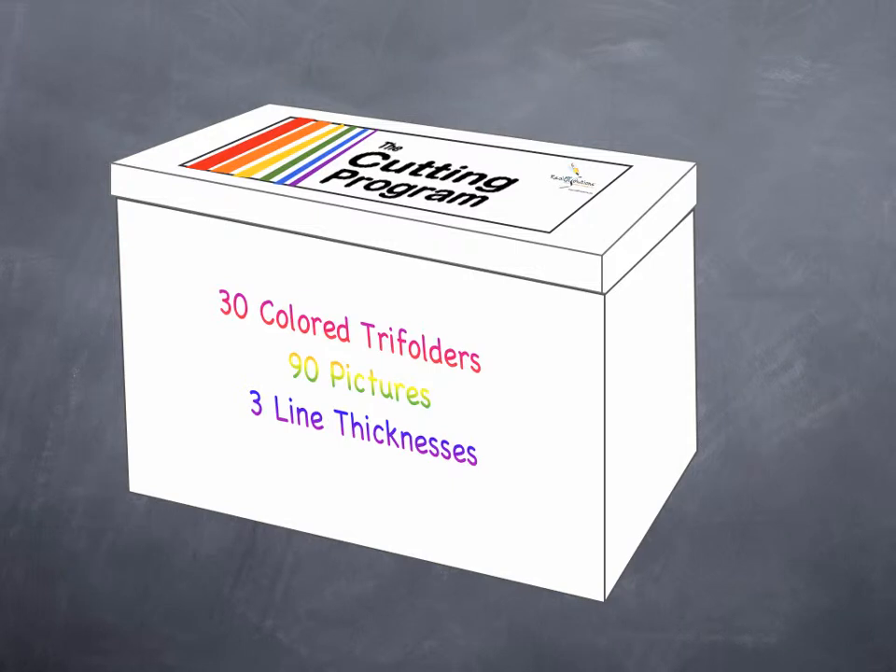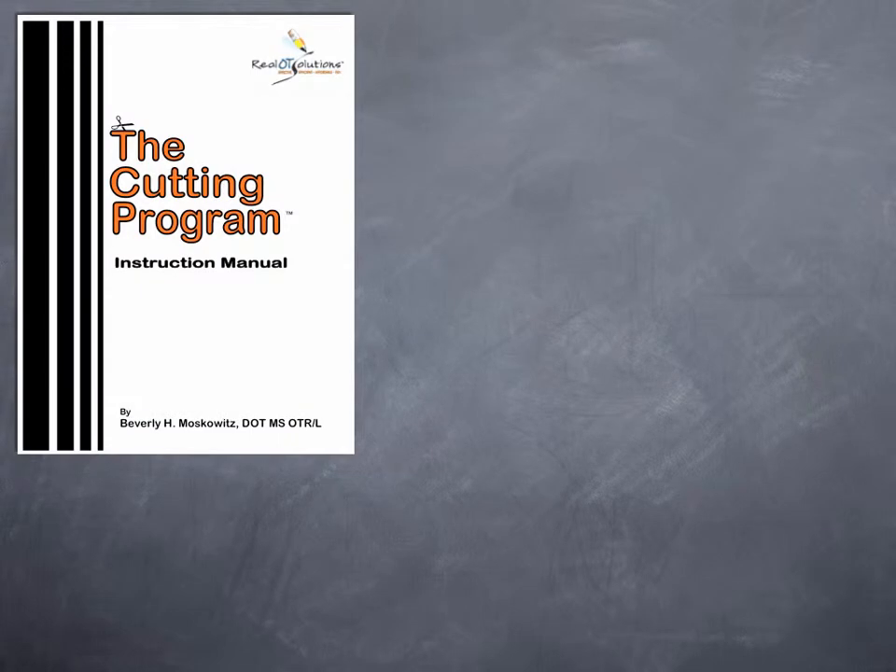The Cutting Program is the first of its kind assembly of original cutting activities. A complete set including 90 different pictures, initial scorecards, progress monitoring forms, and an instruction manual come housed in a sturdy box. The instruction manual is an easy-to-read guide that describes all the components and how to use them.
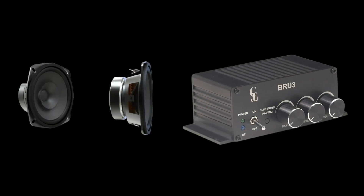Now let's listen to the assembled speaker. It is paired with the BRU3 amplifier, which makes the wiring simple — just plug in the cable and you're good to go.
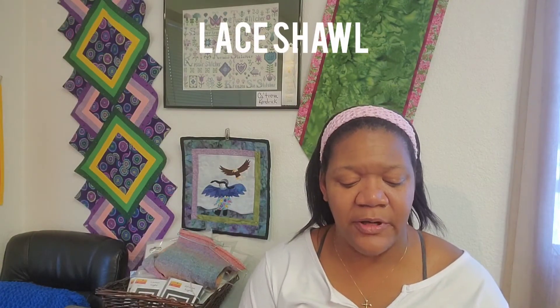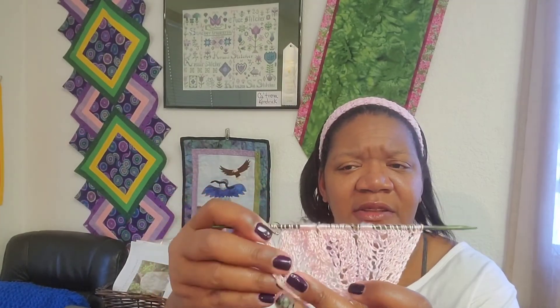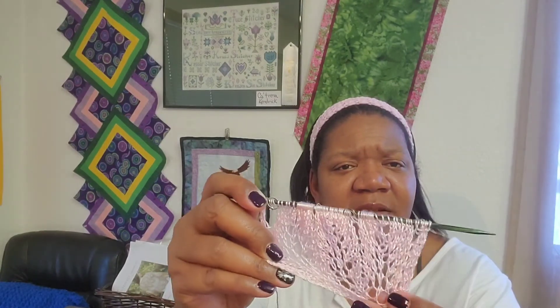I'm also working on a lace shawl that I picked up from Knit Picks. It's called Imperfect Harmony. I'm working on this with my friend Debbie and we've started this over — I've lost track how many times. If you've worked with lace before, you know that if you're not on point it's a hot mess, so I had to restart this again. With lace knitting you can't really see it until it gets a little bit bigger. I'm feeling confident this time that I'm going to get a little bit further. It may be a work in progress for the next year, but I'm going to keep hammering at it.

Your task — Give the material again exactly as it is, but keep the pictures out.

The answer —
The Cutting Program is the first of its kind assembly of original cutting activities. A complete set including 90 different pictures, initial scorecards, progress monitoring forms, and an instruction manual come housed in a sturdy box. The instruction manual is an easy-to-read guide that describes all the components and how to use them.
Now let's listen to the assembled speaker. It is paired with the BRU3 amplifier, which makes the wiring simple — just plug in the cable and you're good to go.
I'm also working on a lace shawl that I picked up from Knit Picks. It's called Imperfect Harmony. I'm working on this with my friend Debbie and we've started this over — I've lost track how many times. If you've worked with lace before, you know that if you're not on point it's a hot mess, so I had to restart this again. With lace knitting you can't really see it until it gets a little bit bigger. I'm feeling confident this time that I'm going to get a little bit further. It may be a work in progress for the next year, but I'm going to keep hammering at it.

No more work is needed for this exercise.